These initial experiences helped Farisa join a local civil society initiative to promote peace and social cohesion in violence prone communities. Her first work assignment took her to Korangi, a low income locality inhabited by Memon, Mohajir, and Bengali communities. She observed that children and youth needed trainings on anger and conflict management to prevent regular fights and clashes in the streets that were often given an ethnic angle. To address this, Farisa and her team organized fund raising events and cultural festivals in schools that celebrated Pakistan’s strength in diversity. She also mobilized and trained youth from Korangi to organize street theatre performances on social cohesion and encouraged children from different ethnic backgrounds to play together.
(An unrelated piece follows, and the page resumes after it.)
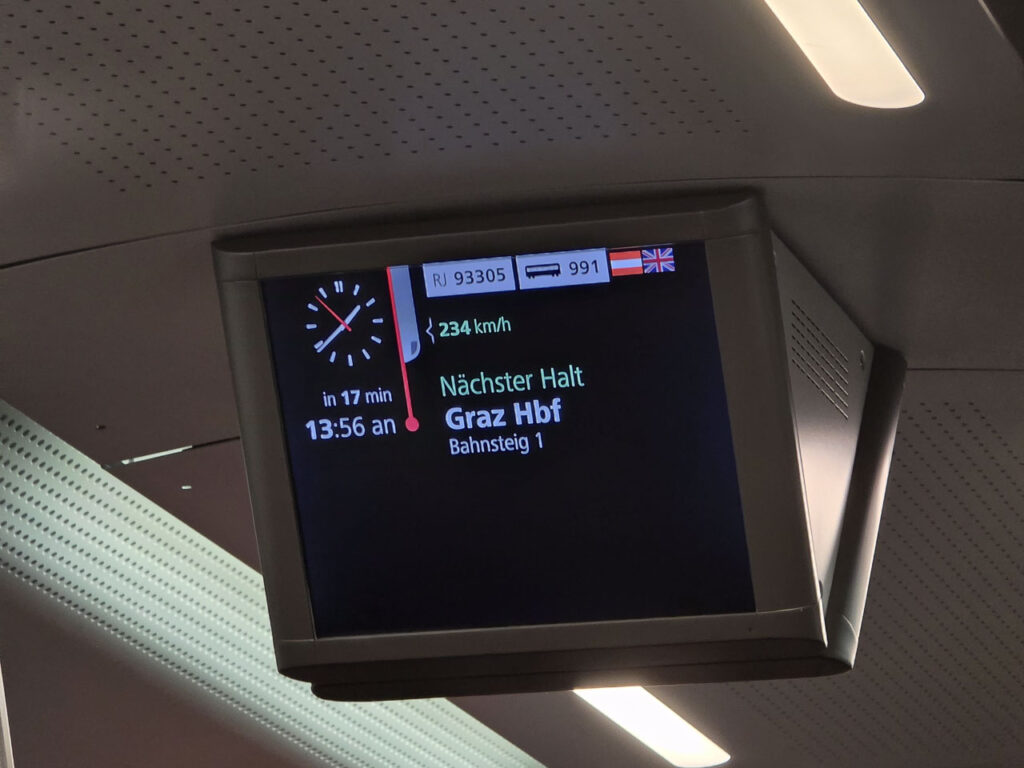 Koralmbahn Geschwindigkeit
In 2018, Farisa was selected as one of the 50 youth activists from Sindh, Balochistan, and Khyber Pakhtunkhwa for the ‘Capacity Building and Mentorship Trainings on Leadership, Negotiation and Communications Skills’ initiated by UNDP’s Youth Empowerment Programme. The trainings will help grassroots activists in learning the necessary skills and knowledge to upscale their existing community development projects by networking with relevant power actors, taking personal initiative (where required), and effectively communicating their message and achievements to target audiences. As a young activist, who acquired most of her skills through on ground learning, Farisa was pleased to go through a structured course on essential skills for development practitioners and youth leaders.
‘I was motivated by the passion to work for communities. I did not have the required skills to convey important messages to my audience or to effectively network with power brokers and change makers. This training has helped me in honing my communication and negotiation skills.’